Theo Sambuaga: Mahasiswa Zaman Dulu Tidak Pernah Mempersoalkan Pancasila

Theo Sambuaga: Mahasiswa Zaman Dulu Tidak Pernah Mempersoalkan Pancasila
Theo Sambuaga. ( Foto: SP/Joanito de Saojoao )
Carlos KY Paath / FMB Rabu, 14 Agustus 2019 | 15:17 WIB

Jakarta, Beritasatu.com – Mantan Wakil Ketua Umum Dewan Mahasiswa (Dema) Universitas Indonesia periode 1973-1974, Theo L Sambuaga mengungkap, pergerakan mahasiswa sekitar 50 tahun silam tidak pernah mempersoalkan Pancasila. Para mahasiswa mempunyai semangat kebangsaan yang begitu tinggi.

“Pada waktu itu tidak ada yang berpikir untuk keluar atau menyimpang dari Pancasila dan NKRI. Tidak ada isu-isu yang permasalahkan suku, agama, ras, dan antargolongan (SARA),” kata Theo kepada Beritasatu.com, Rabu (14/8/2019).

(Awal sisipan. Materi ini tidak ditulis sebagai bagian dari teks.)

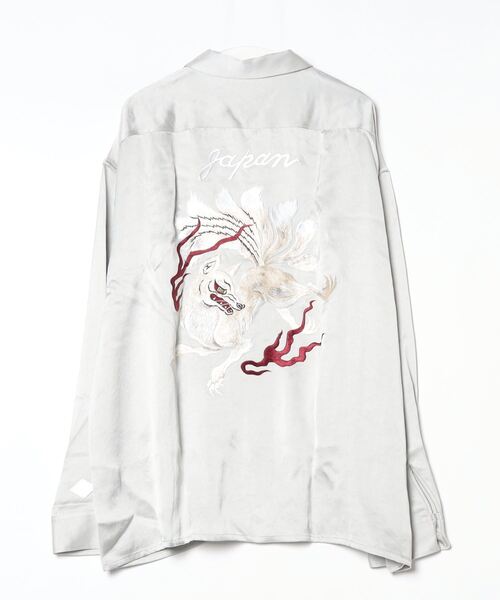 ROYAL FLASH（ロイヤルフラッシュ）の「el conductorH/コンダクター/別注 刺繍シャツ（シャツ/ブラウス・メンズ・ブラック/グレー/ブルー・F）」の4枚目の写真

Theo menambahkan, setiap organisasi mahasiswa (ormawa) intra dan ekstra mengadakan latihan kepemimpinan secara teratur. Meski dilakukan sederhana, lanjut Theo, mahasiswa benar-benar diajarkan mengenai Pancasila, UUD 1945, NKRI, dan Bhinneka Tunggal Ika atau yang sekarang dikenal dengan istilah Empat Pilar Kebangsaan.

Theo berharap peranan ormawa intra dan ekstra kampus ditingkatkan. “Saat ini saya kira perlu diberi ruang yang jelas, dan tegas. Terus optimalkan peranan-peranan organisasi mahasiswa. Meningkatkan nasionalisme dan komitmen terhadap Empat Pilar Kebangsaan,” tegas Theo.

Dengan begitu, Theo optimistis kelompok radikal yang menyusupi kampus-kampus akan tersisihkan. Menurut mantan pimpinan pusat GMNI tersebut, mahasiswa sepatutnya menunjukkan kepada publik bahwa wawasan kebangsaan dijaga dengan baik. “Kelompok radikal akhirnya tidak laku dan tersisihkan di tengah masyarakat maupun mahasiswa,” tegas Theo.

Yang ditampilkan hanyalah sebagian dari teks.